The Turkish lira hit its weakest intraday level against the dollar since mid-October on Wednesday as investors weighed up risks generated by challenges to İstanbul election results and strains in relations with the United States.
The lira weakened to 5.8810 from a previous close of 5.83, bringing declines this year to 10 percent, on top of a near 30 percent fall in 2018. Dollar strength contributed to the lira weakening. It was the weakest level since Oct. 15, excluding a brief overnight “flash crash” in January.
Turkey’s election board on Tuesday rejected one of a series of objections by President Recep Tayyip Erdoğan’s party to last month’s Istanbul elections, which were narrowly won by the opposition. The ruling party wants the elections annulled and re-run.
Market attention was also turning to the Turkish central bank’s rate-setting meeting on Thursday, when it is expected to keep its policy rate unchanged at 24 percent.

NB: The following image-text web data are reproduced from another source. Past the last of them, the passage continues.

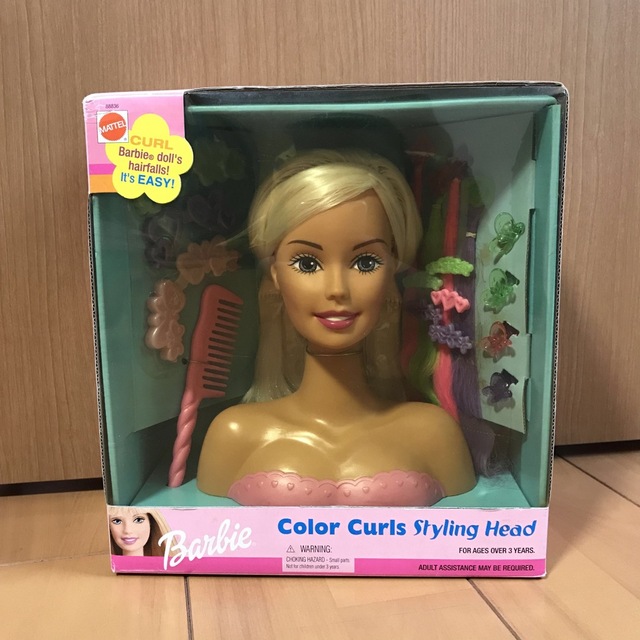 2001年製✴︎Barbie(バービー) カラーカールズスタイリングヘッド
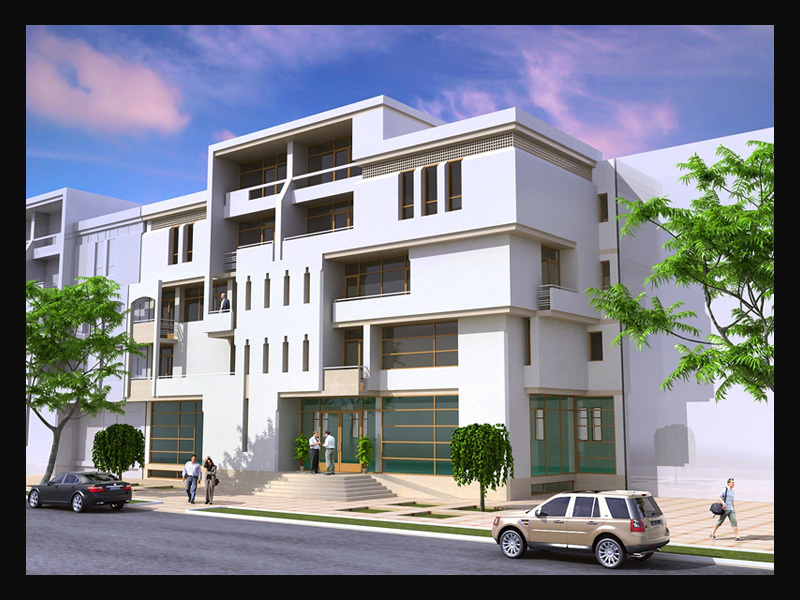 Жилой комплекс. Визуализация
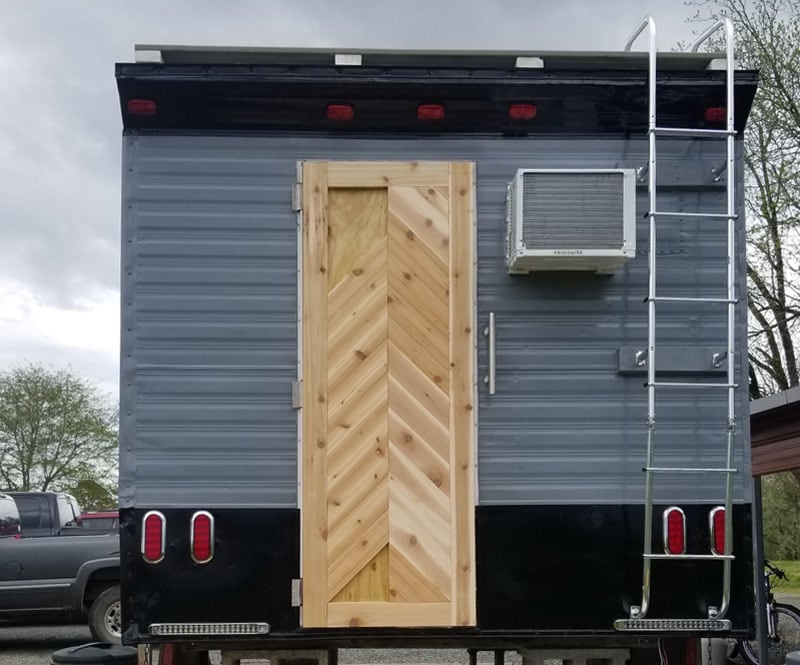 New Back Cedar Door Vintage Camper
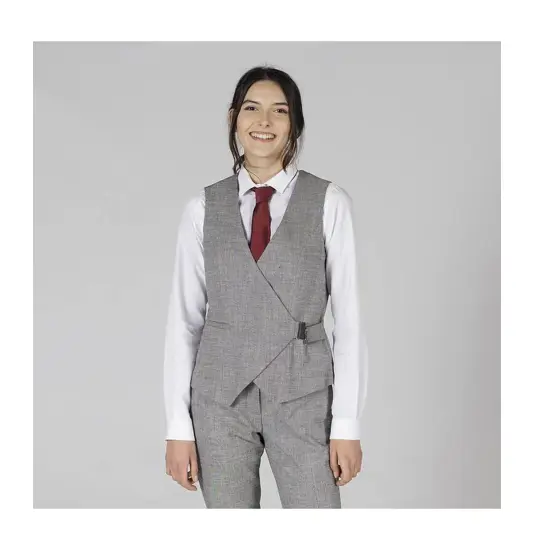 Gilet donna con fibbia Garys Cheviot
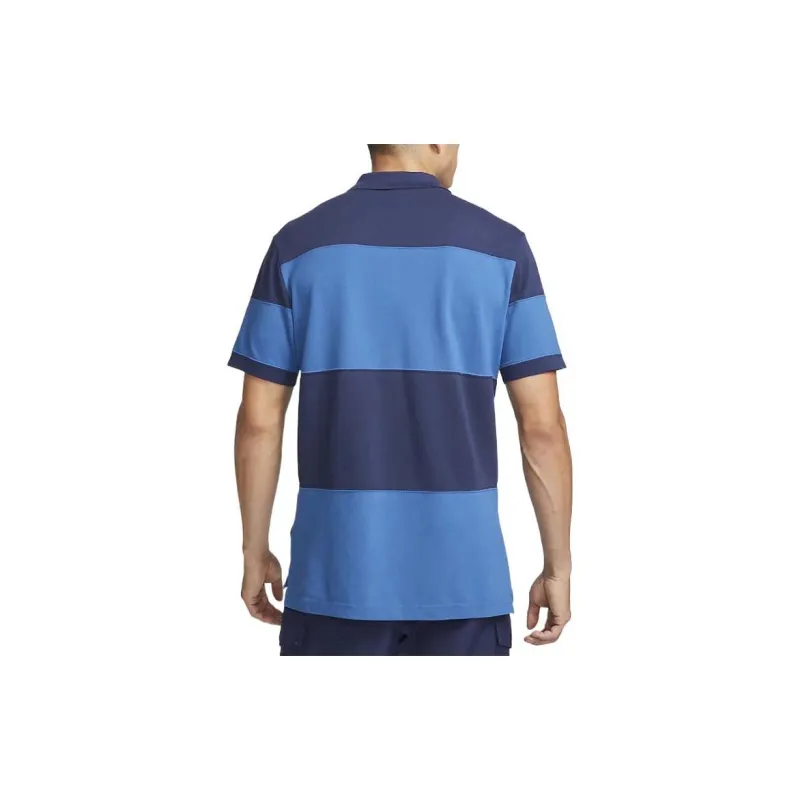 Nike Polo Shirts Men Blue-3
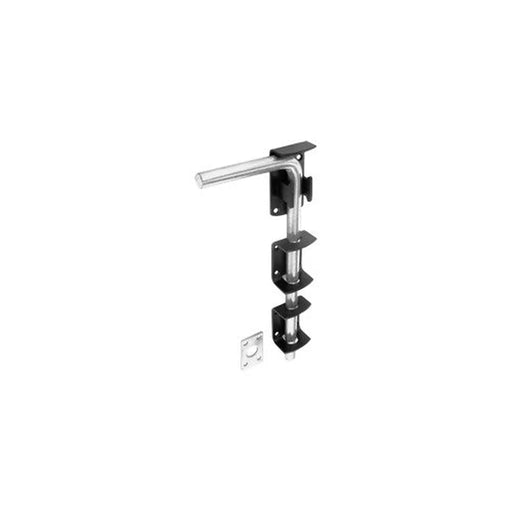 Garage Door Bolts, Epoxy Black, 375mm - Pack of 2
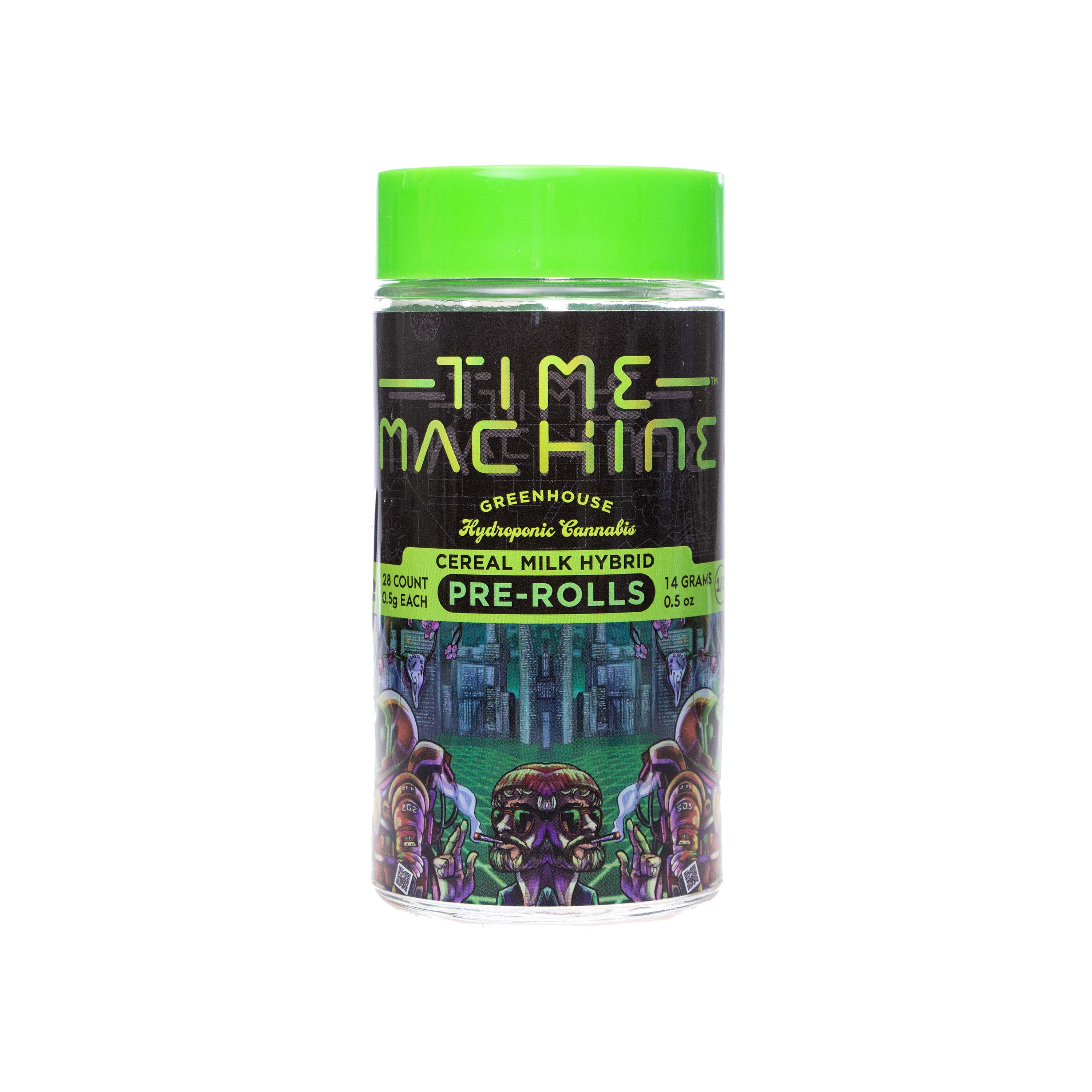 Photograph of product: Time Machine | Kush Mints Pre-roll Pack (14g)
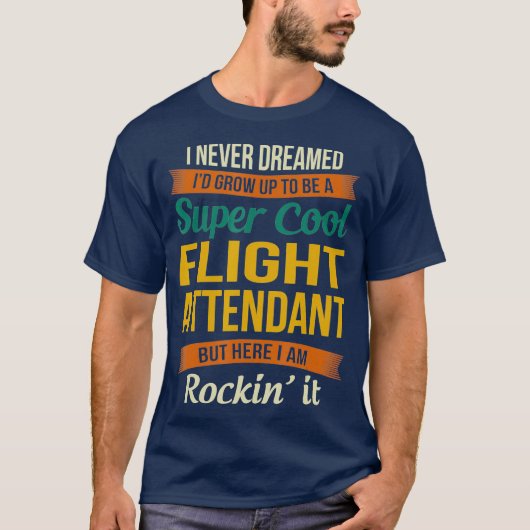 フライト付き添い人ギフトおもしろい感謝 Tシャツ (正面)
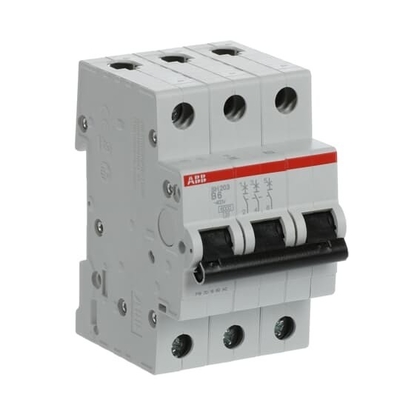 MCB SH203-B6 Interruptor de circuito en miniatura Frecuencia nominal Hz 50 Número de polo 3 6 A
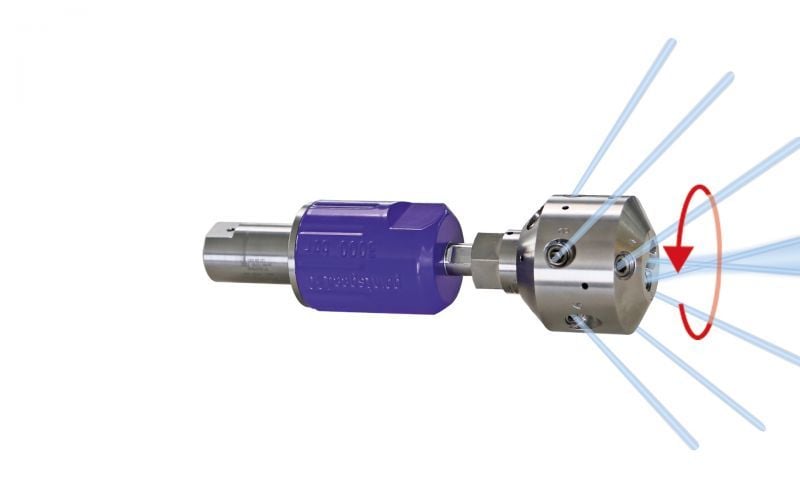 Pointspeed Corner 30 , Rotor Nozzle ,10/5, 3000 bar, 70 °C 9/16''unf-lh İç Dişli, 125kW, Nozzle 2500 bar 20 l/min, 1+2=0,35mm 3+4=0,40mm style 9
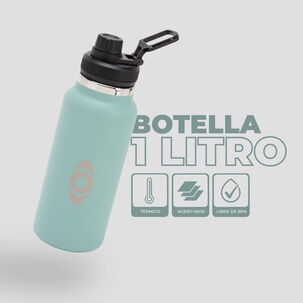 Botella Insulada Verde 1 Litro / Botella Agua Kano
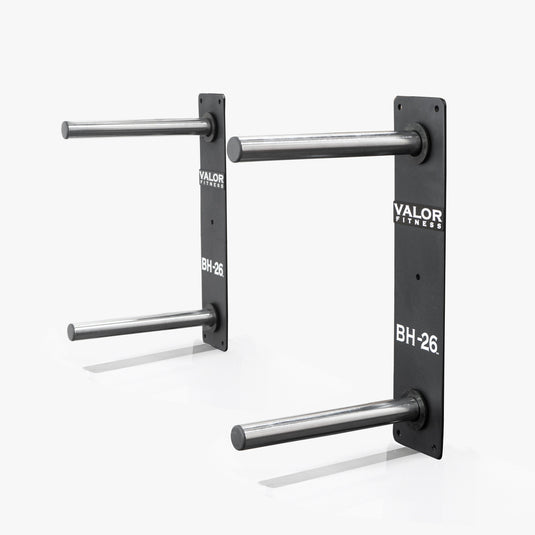 Valor Fitness - Wall Mounted 4 Peg Olympic Plate Storage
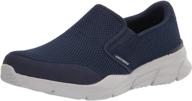 👞 skechers equalizer krimlin charcoal loafer: stylish men's shoes with loafer & slip-on comfort logo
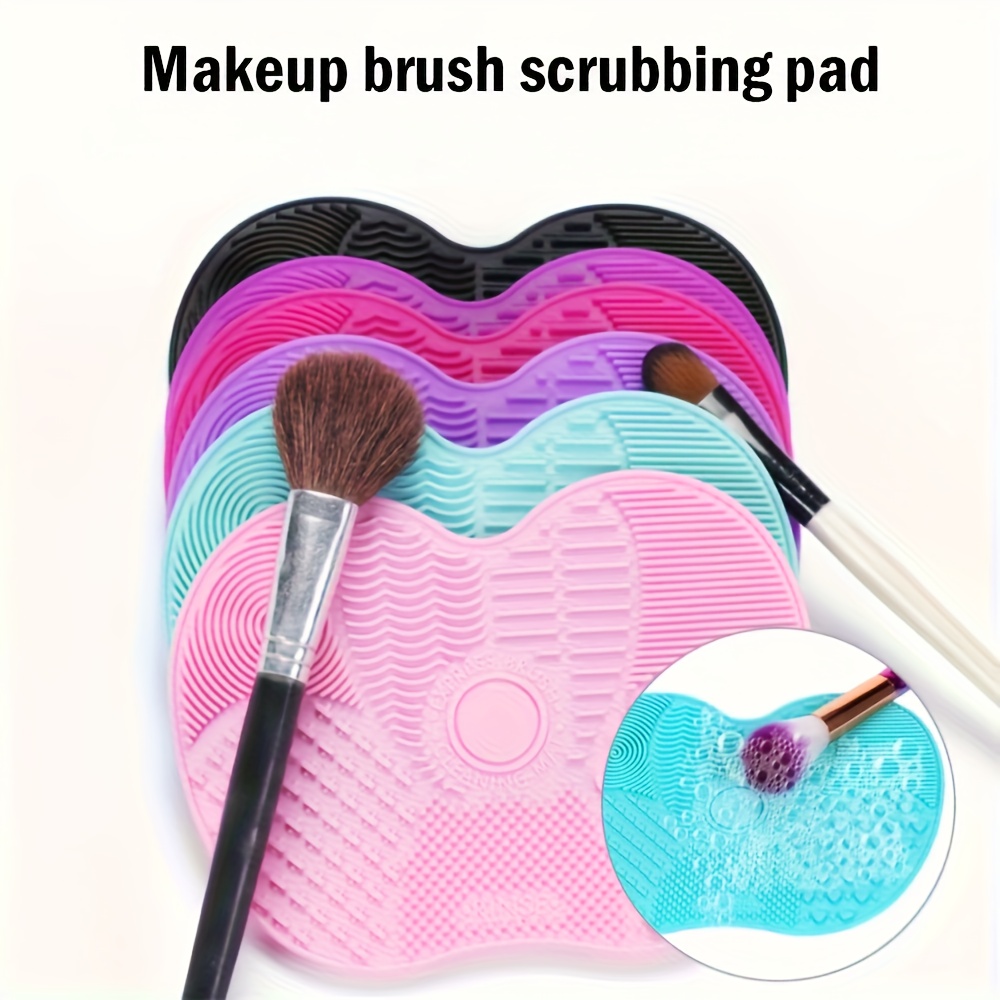 シリコン製のリンゴ型メイクブラシクリーニングマット、吸盤付き - Beauty Makeup Products のレビューと価格
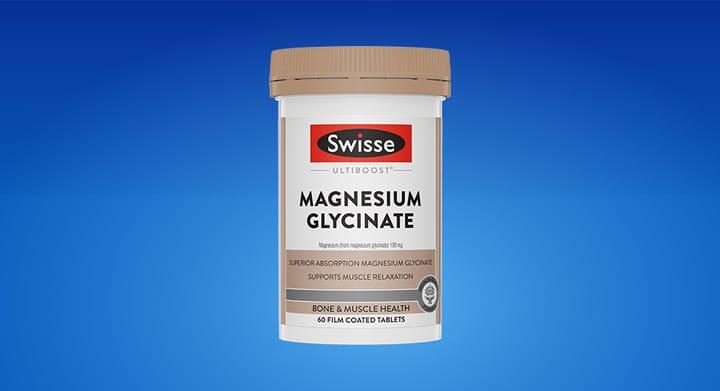 Swisse Ultiboost Magnesium Glycinate 60 Tablets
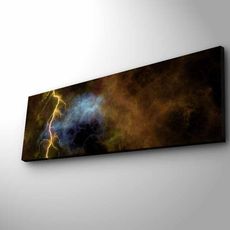 Wallity Obraz s LED osvetlením NOČNÝ BLESK 53 30 x 90 cm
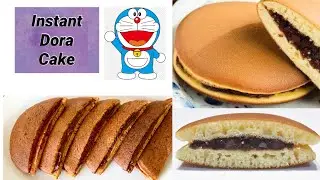 Instant Doraemon Dora Cake without Egg Or No Sugar /kids Special Healthy Dora Cake with wheat flour
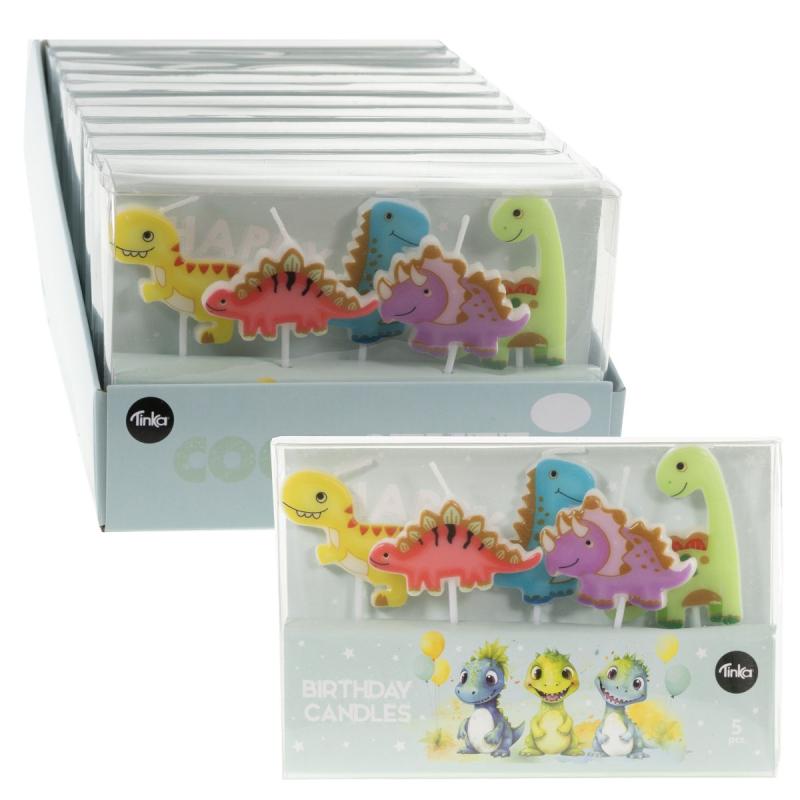 Tinka kakelys dinosaur 5pk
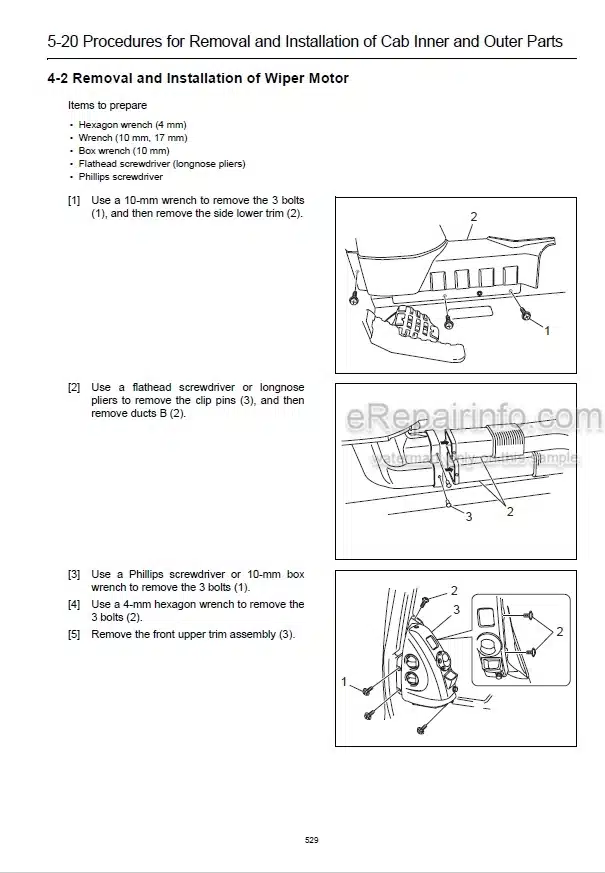 Photo 1 - Link-Belt 210X2 240X2 Shop Manual Excavator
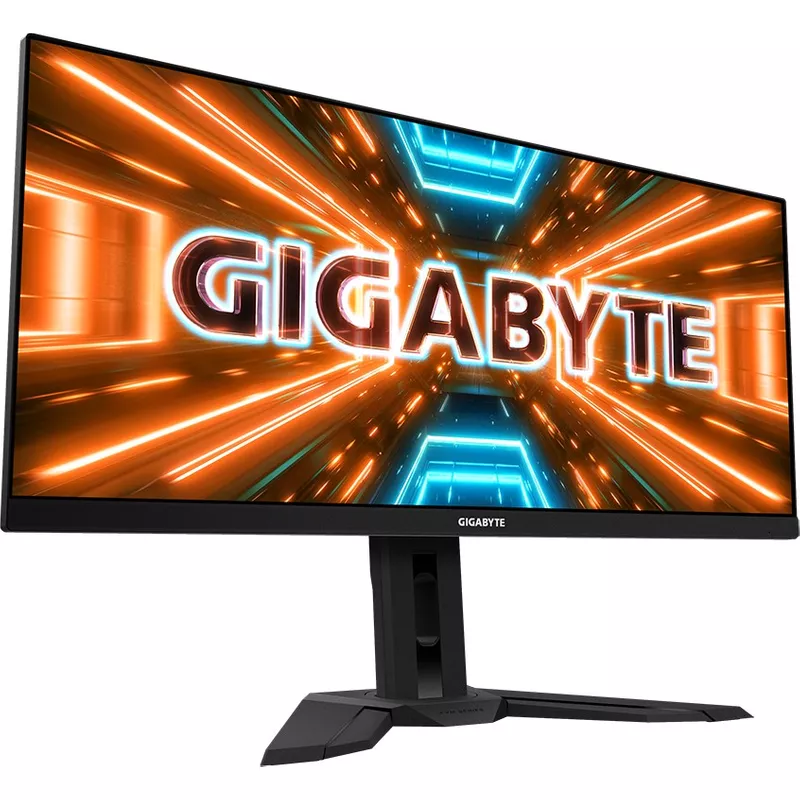 GIGABYTE M34WQ - 86,4 cm (34" ), LED, IPS, WQHD, 144Hz, 1ms, HDR400, Höhenverstellung, HDMI, DP, USB-C, USB-Hub [Energieklasse G] (M34WQ-EK) (geöffnet)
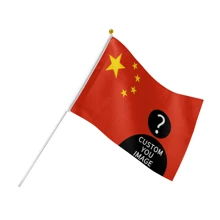 Banderas de mano personalizadas de doble cara, banderas nacionales personalizadas basadas en sus fotos, banderas de agitar a mano para eventos, banderas de agitar a mano con nombre de equipo personalizado, apropiadas para fiestas, partidos, aniversarios, regalos - multicolor - Ver 10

Fitch Solutions said the central bank has little room to ease its key policy rate over the coming months, given a need to encourage foreign investor inflows and attract domestic depositors to holding lira.
It forecast 400 basis points in policy rate cuts this year given the deterioration in the domestic economy and declining inflationary pressures.
“But the weaker lira and precarious external funding situation will likely mean a longer postponement of monetary easing,” the Fitch Solutions commentary said.
Unease about tense relations with the United States has been fuelled by the US demand on Monday that buyers of Iranian oil, including Turkey, stop purchases by May 1 or face sanctions, a move to choke off Tehran’s oil revenues.
Washington re-imposed sanctions in November, unilaterally pulling out of a 2015 accord between Iran and six world powers to curb Tehran’s nuclear program. Ties with Washington have been under pressure for months over Turkey’s order for a Russian S-400 missile defense system.
Turkish media reported last week that Turkey was considering whether the S-400s which Turkey is buying from Russia could be deployed in Azerbaijan or Qatar, rather than within Turkey, as a way to overcome the dispute.
Foreign Minister Mevlüt Çavuşoğlu was cited as telling Russian news agency Sputnik on Tuesday that deploying the S-400s in Azerbaijan or Qatar had never been on the agenda and that Turkey was now talking with Russia about the timing of the delivery.